I consider myself a shepherd in a flock of poorly dressed sheep.

Ahh stud belts, taking me back to the good old days when I listened to punk music and my favorite word was 'antidisestablishmentarianism'.  There are better looking ways to keep your pants up won't scream 'I have to be home by the time the street lights come on.'
P.s. I found this image on a website called 'bling cheese'-nuff said.

The Disney Channel called... they want their wardrobe back.
If you think the dress is short enough that you need to slap leggings on underneath, save yourself the money and invest in a clue.

Whoever told you that a striped polo with plaid shorts looked good was trying to make you look stupid- and it worked. I'm sure if you were victimized by this look you probably have a huge legal case against American Eagle. Pain and suffering?


Yes, your butt does look big in those jeans. And not the good 'Kim Kardashian' kind of big, the bad 'put down the fork' kind of big. 
Need.Pockets.


If you date this guy, you can bet three things will happen.
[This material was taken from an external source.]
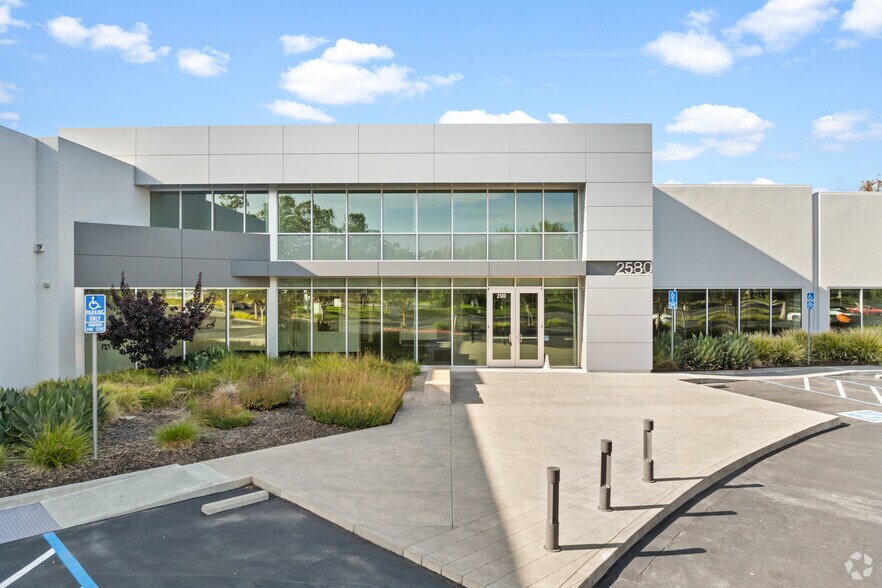 More Photos Of 2580-2584 Junction Ave, San Jose Research And Development For Lease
First, he will take longer than you to get ready. Second, he will have a boyfriend on the side. Third, he won't share his CHI with you. 
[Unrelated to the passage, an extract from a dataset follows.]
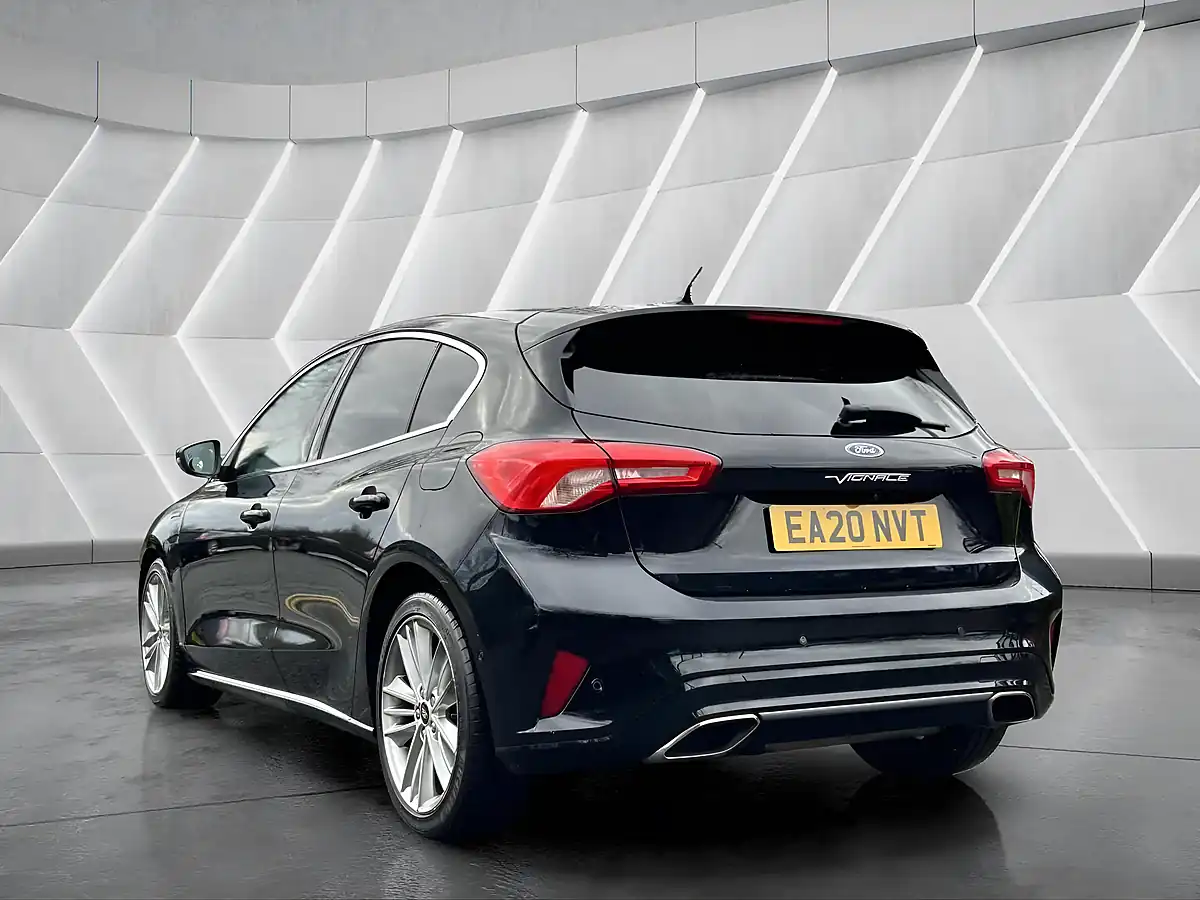 Used 2020 Ford Focus Vignale Black - Interior and Exterior details 7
The first time I saw these shoes I screamed. Call me crazy, but foot gloves are terr-i-fying. If you are using them to run or for some sort of sport, more power to you, but at the mall with your dockers and polo? Um... no. These are about as alluring as the ultra-sexy sketchers shapeups.

The most difficult clients I ever work with are what I call 'cardigals'. These women must have a cardigan to wear with EVERYTHING, even if it very clearly looks stupid. 'Cardigals' are automatically drawn to sleeveless tops and dresses because deep in their subconscious they want to make my brain implode. Cardigans ARE a staple, they do not however go with every outfit.